**THE DATA**
· · · ·

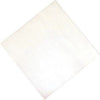Fasana Lunch Napkins White 330mm (Pack of 1500) - CK874 Paper Napkins Fasana   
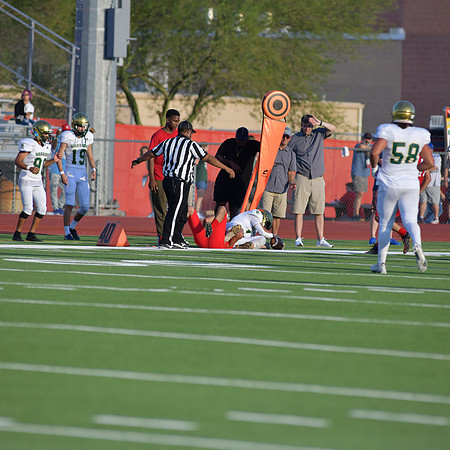 2022 01 v vs snow canyon  DEB_4584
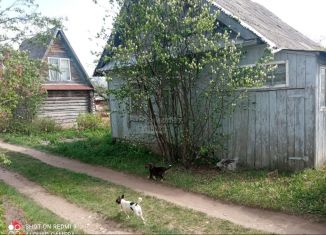 Продаю дом, 14 м2, СНТ Пугачёво-1, 19-я улица, 12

· · · ·

**EXERCISE PROMPT**
Wherever an image sits in the data, omit it; everything else must be copied exactly.

**TASK RESULT**
Fasana Lunch Napkins White 330mm (Pack of 1500) - CK874 Paper Napkins Fasana   
 2022 01 v vs snow canyon  DEB_4584
 Продаю дом, 14 м2, СНТ Пугачёво-1, 19-я улица, 12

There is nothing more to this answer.